TASK GOAL:
Reproduce the records exactly, but not the pictures.

::: EXERCISE INPUTS :::

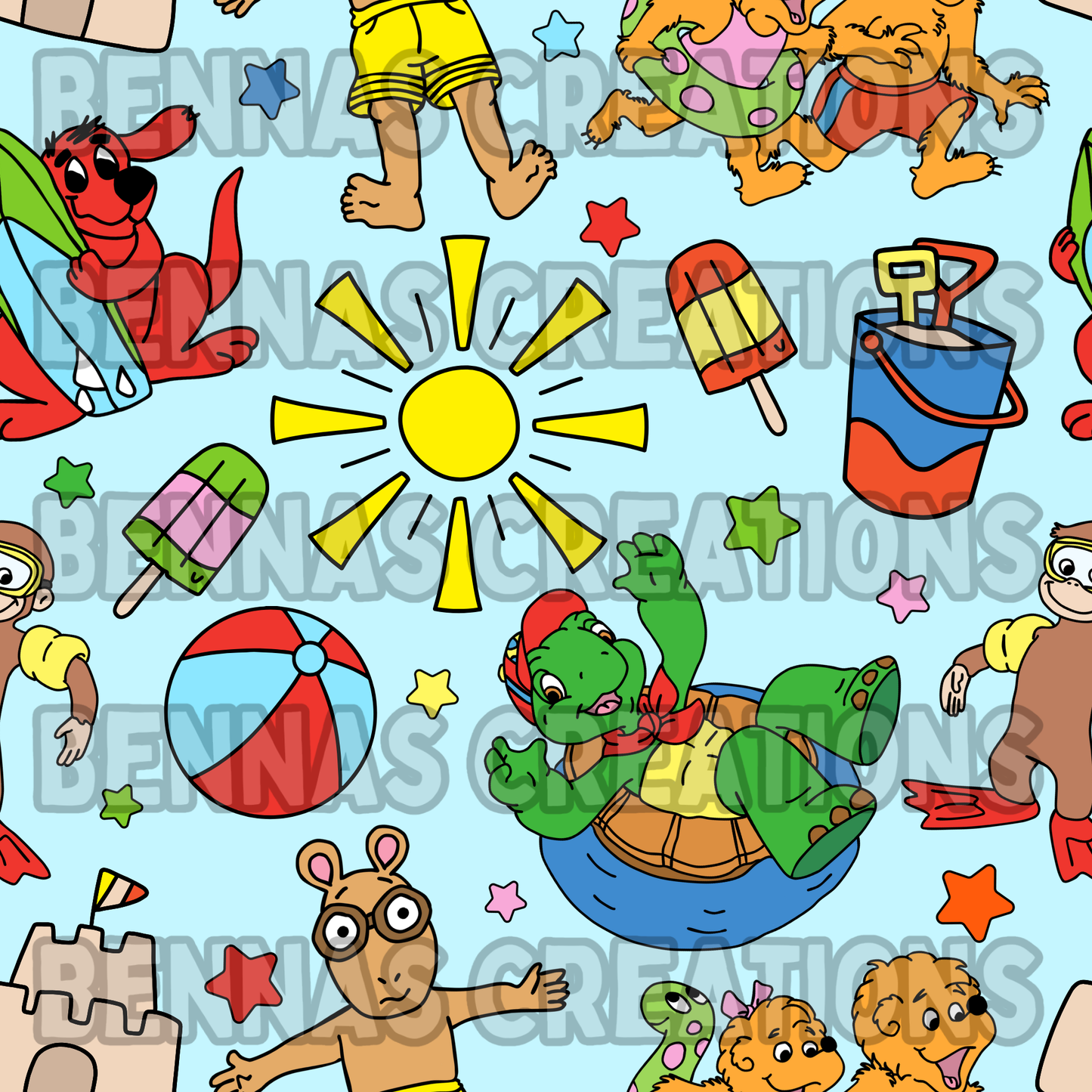 Storybook Summer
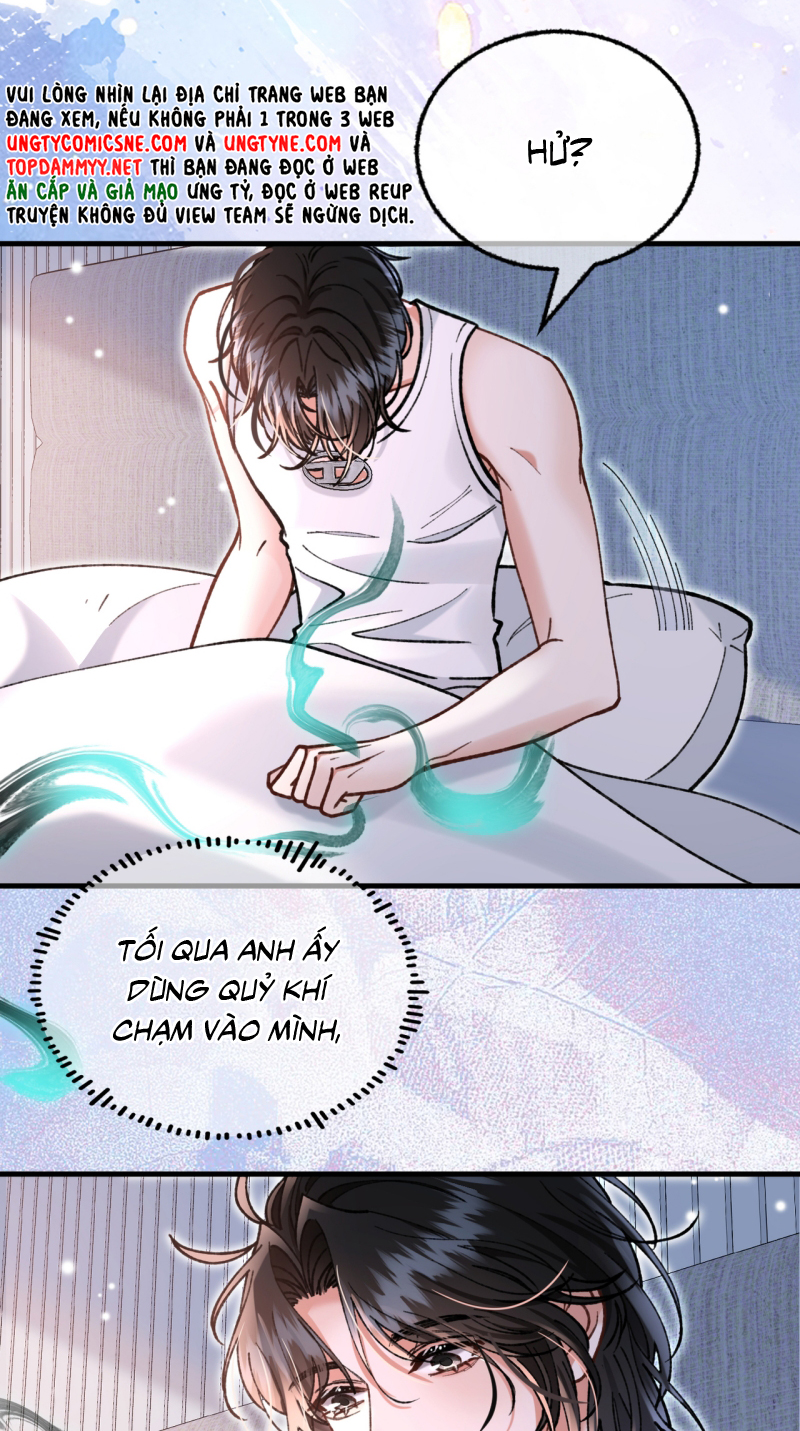 Scandal Ngọt Ngào Và Cay Nồng Chap 33 - Trang 2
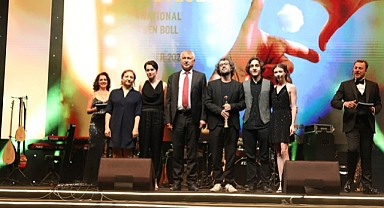Altın Koza'da en iyi filmler ödüllendirildi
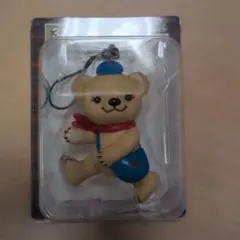 ぽすくま フィギュアストラップ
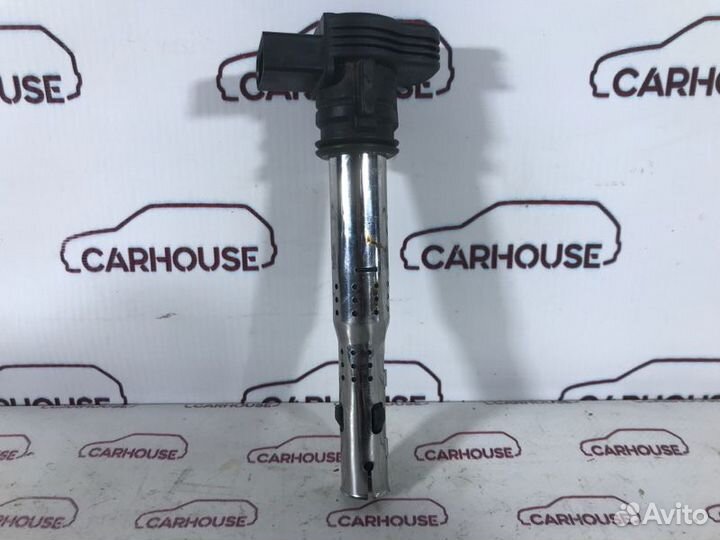 Катушка зажигания Audi A4 2.0 BPJ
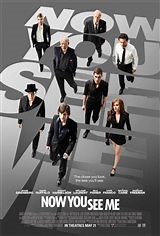 Now You See Me synopsis and movie info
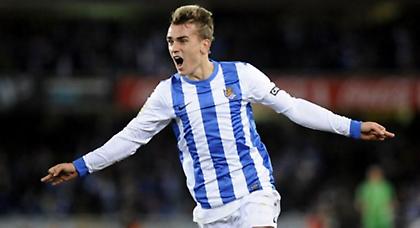 Στην Ατλέτικο ο Γκριεζμάν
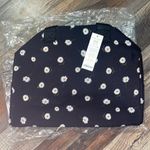 Alice + Olivia  by Stacey Bendet Black Daisy Duffel Bag, NWT Photo 5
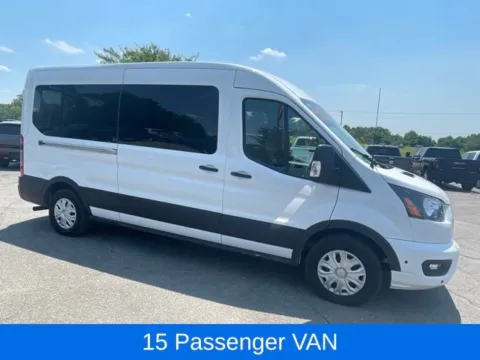 White 2025 Ford Transit-350 XLT for sale in Madison, NC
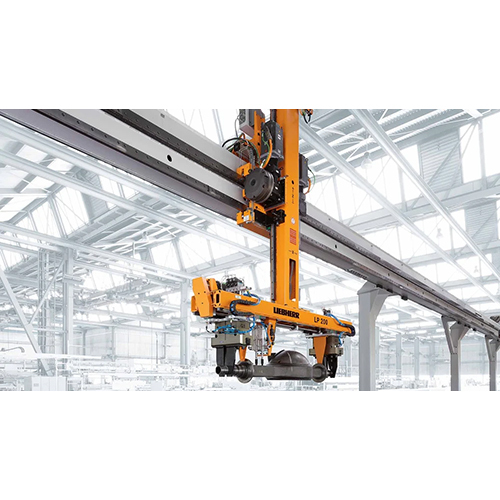 Stainless Steel Gantry Robotic System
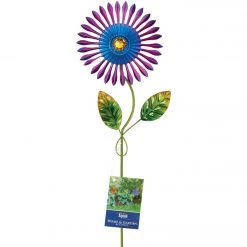 Alpine 16 In. H. Colorful Metal Flower Pot Stake -Cheap Alpine Shop ItemImage 837530 3fj7brwr99s6bkm2wwx7jnm
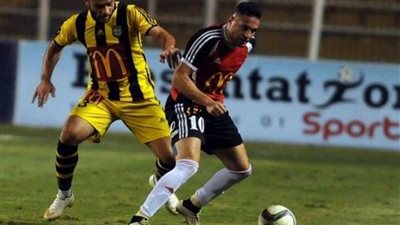 طلائع الجيش يقتنص نقطة ثمينة من المقاولون العرب في الدورى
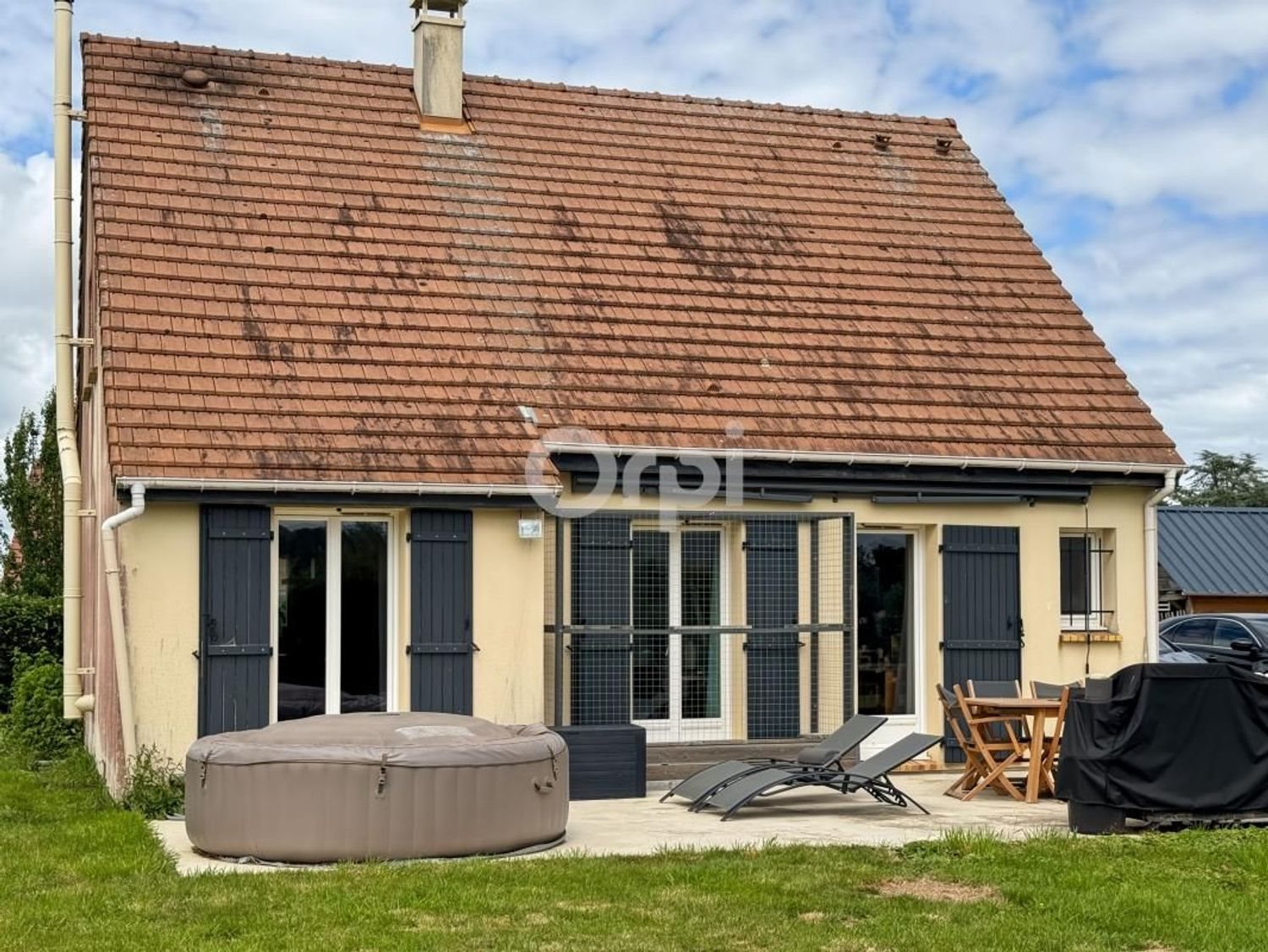 Maison à vendre, 100m², Mesnil-en-Ouche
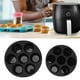 thumbnail image 1 of Molde Para Hornear De Silicona Para Freidora, Reutilizable, 7 Tazas De Silicona Para Muffins, Tazas Para Pasteles, Utensilios De Cocina Suaves Para Hacer Pasteles, 1 of 7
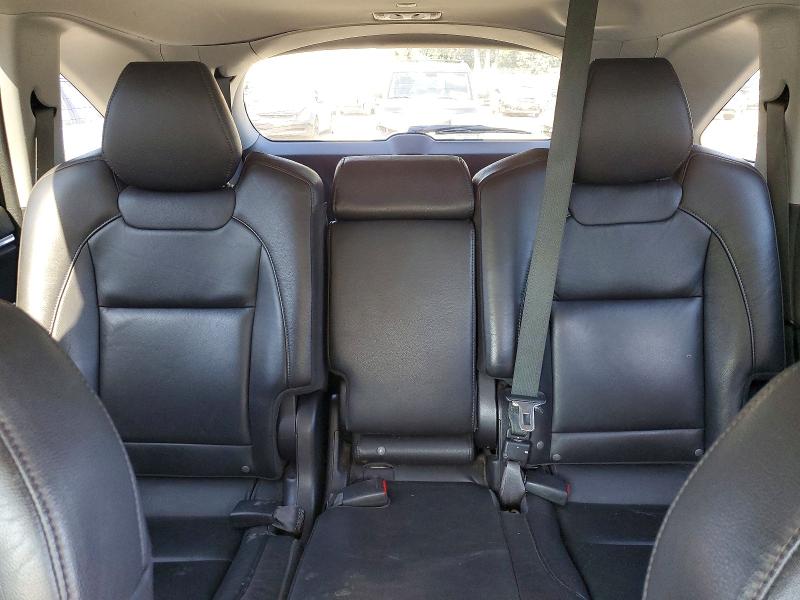 2014 Acura Mdx მანქანა იყიდება აუქციონზე, vin: 5FRYD4H24EB003317, აუქციონის ნომერი: 57726276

:::

RESULT FOR THIS EXERCISE:
 Storybook Summer
 Scandal Ngọt Ngào Và Cay Nồng Chap 33 - Trang 2
Altın Koza'da en iyi filmler ödüllendirildi
 ぽすくま フィギュアストラップ
 Катушка зажигания Audi A4 2.0 BPJ
 Now You See Me synopsis and movie info
 Στην Ατλέτικο ο Γκριεζμάν
 Alice + Olivia  by Stacey Bendet Black Daisy Duffel Bag, NWT Photo 5
 White 2025 Ford Transit-350 XLT for sale in Madison, NC
 Stainless Steel Gantry Robotic System
 Alpine 16 In. H. Colorful Metal Flower Pot Stake -Cheap Alpine Shop ItemImage 837530 3fj7brwr99s6bkm2wwx7jnm
 طلائع الجيش يقتنص نقطة ثمينة من المقاولون العرب في الدورى
 Maison à vendre, 100m², Mesnil-en-Ouche
 thumbnail image 1 of Molde Para Hornear De Silicona Para Freidora, Reutilizable, 7 Tazas De Silicona Para Muffins, Tazas Para Pasteles, Utensilios De Cocina Suaves Para Hacer Pasteles, 1 of 7
 2014 Acura Mdx მანქანა იყიდება აუქციონზე, vin: 5FRYD4H24EB003317, აუქციონის ნომერი: 57726276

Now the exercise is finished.